Nice 'Vette! Dont know much about the T Jets, but the larger two are probably from their 1:32 line up. They look to big to be 1:43.


----------



## alpink (Aug 22, 2010)

the two big ones ARE Aurora O gauge.
if you need to find a new home for them, PM me.


----------



## gotcorn1 (Apr 21, 2020)

Milton Fox Racing said:


> Nice 'Vette! Dont know much about the T Jets, but the larger two are probably from their 1:32 line up. They look to big to be 1:43.





Milton Fox Racing said:


> Nice 'Vette! Dont know much about the T Jets, but the larger two are probably from their 1:32 line up. They look to big to be 1:43.


To Milton Fox!
Hi, just getting back to you. I found out the 2 larger cars are "O" gauge cars apparently Aurora made them from 1963/1968! There also refered to as Super Thunderjets!
I know they will run on HO tracks!
Lot of fun...
Larry


----------



## RollinOlds442 (May 5, 2021)

Those are pretty sweet! Super Thunderjets...I had no idea.


----------



## LTAurora fanLI (May 2, 2021)

RollinOlds442 said:


> Those are pretty sweet! Super Thunderjets...I had no idea.

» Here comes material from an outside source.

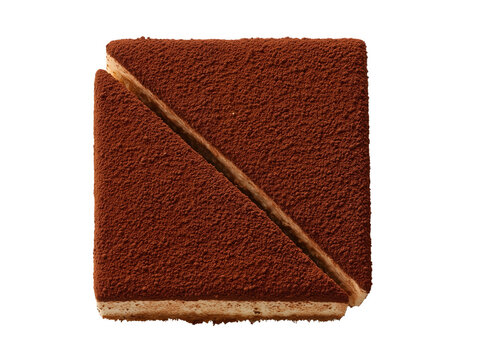 Square tiramisu dessert dusted with cocoa powder, layered with mascarpone cream and coffee-soaked ladyfingers, isolated on a white background.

The O gauge are quite interesting. I have just recently found the wider lane curves and straights a have are the O gauge aurora made. I had always thought they were just unique tracks like the bump track and the “y” median for layout design. On that note I’ll ask here as I have incorporated them in the layout with the widening adapters I got in the box from the uncles in the seventies but there is a problem. The adapter tracks seem to have a shallower slot and the afx blade pins seem to whack the sharp step. I like these tracks on the end of a straight away as they really allow speed and drifting of the tjets on the curve. Has anyone come across this? Was this a mistake made by aurora at the time? Should I try to grind or modify the slot bottom? I would hate to remove them. HO means half O gauge right? Did these much larger cars really run on the same size and depth slot pin? Was the pin on the O gauge cars deeper? I’m not sure how common the O gauge wide tracks are in the vintage aurora. Maybe I have an early production run and someone has some they may want to part with if the adapter track(wide O to HO lock and joiner) tracks have the proper depth slot. Thanks for any info.


----------



## RollinOlds442 (May 5, 2021)

It seems crazy those bigger cars have the same size guide pin, and also the difference in the depth of the slot on the tracks is odd, especially since they were meant to match up. Would it be possible to raise the height of the track (on either side of the rails) where they meet with graduated layers of smooth tape, like packing tape, just enough to mellow the ridge in the slot out? You could try dredging the slot out; it would have to be a subtle grade either way unless you WANT to catch air, lol. IDK if that will help, cause wide track is fun, especially on turns. I had skirts for my old Tyco track that worked like a wide track, but don't run it anymore. Maybe someone else on here is more familiar with what you're experiencing and could help us both out. Good luck! And HO is 1/2 of O scale, but it doesn't necessarily pertain to the width of the subject matter in question, IMO.


----------



## hojoe (Dec 1, 2004)

I have O gauge track incorporated into my HO track and have noticed that the cars sound different when going through the O gauge track. Even though the O gauge cars used the same guide pin, the larger tires made the pin not so deep in the slot. As for the AFX cars, most have a reversible guide pin. Ditch the flags and use the pin.


----------



## RollinOlds442 (May 5, 2021)

Yep, even taller front tires may be enough to smooth it out.


----------



## Rich Dumas (Sep 3, 2008)

The O gauge cars would be too wide for a regular HO track, but I have a MaxTrax with extra wide lane spacing and very wide shoulders. We have raced The O gauge cars on a MaxTrax. When the O gauge cars came out I bought on figuring that it would have a more powerful motor that I could transplant into a regular T-Jet, but that was not the case.


----------